I have noticed that one reason couples pull apart is that they do not have a common dream. Let me put it to you like this. Troy and I lie in bed at night and dream about the people that God is touching through Freedom House. We remember the days when we had just started and there were two people and no money—only a dream to see people touched. We talk about God’s faithfulness and how He has brought us through time and time again. We share a dream. We share a calling.
Troy has been traveling these last few weeks quite a bit, but it has been ok with me because I know he is furthering the cause of Christ. He has been speaking in Orlando, Atlanta, and the Blue Ridge Mountains. The kids and I are fine. Why? For me, ministry has never been the proverbial “other woman.” I have never resented Troy’s role in ministry because I stand along side him and dream with him. When he worked in the secular market his career was not the other woman either because I knew his heart and his plan was to be financially successful so our family would be taken care of so we could launch into ministry and be a blessing to others. I also know that my attitude about my husband’s commitment to ministry will be emulated by my kids. Sure, we all miss him, but I don’t want my kids to grow up resenting ministry. They understand, by my example, how to support their dad as he is helping others grow closer to Jesus.
In the days to come I hope to talk about each person’s Pain Threshold. This is our ability to handle situations on the emotional scale. Too often, instead of understanding this, we try to compete instead of complete. We are one flesh as the Bible says, and we aren’t on opposite teams. I know I cannot shoulder as much as Troy, and that is ok.
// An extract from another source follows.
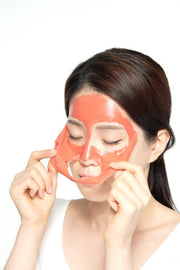 ProtoClinical k-beauty PAUL MEDISON Deep Red Pore Peel Off Pack 155ml model peeling a coral-red face mask from her cheeks on a white background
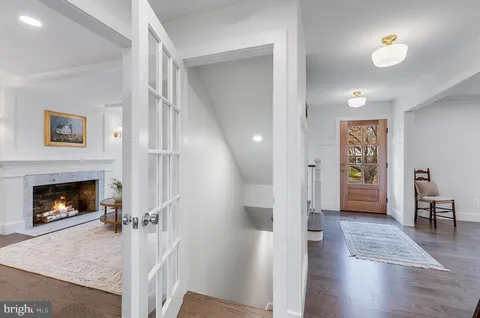 a view of a livingroom with wooden floor a fireplace and window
His shoulders can bear much more than mine, but I have my own role. This is something my husband has taught me about and I look forward to sharing about it in a future blog in order to encourage those of you who are married about being able to serve God together no matter what you are called to do.
I’m not just taking about full-time ministry either.
My dentist (you can find him on my favorite places) also works with his wife. He told me that, since she started helping him, his practice has more than doubled—in one year. Her vision was just to help him be successful and she has succeeded. In whatever your calling is, in whatever that looks like for you, is your vision to help your husband succeed in what God has called you to? That is a powerful thing for a wife to strive for. Hey, that rings of Proverbs 31 doesn’t it? My dentist and his wife are a wonderful example of a husband and wife team. It makes me realize that ministry can happen anywhere, even in a dentist’s chair.
Go for it. Dream together, and dream big!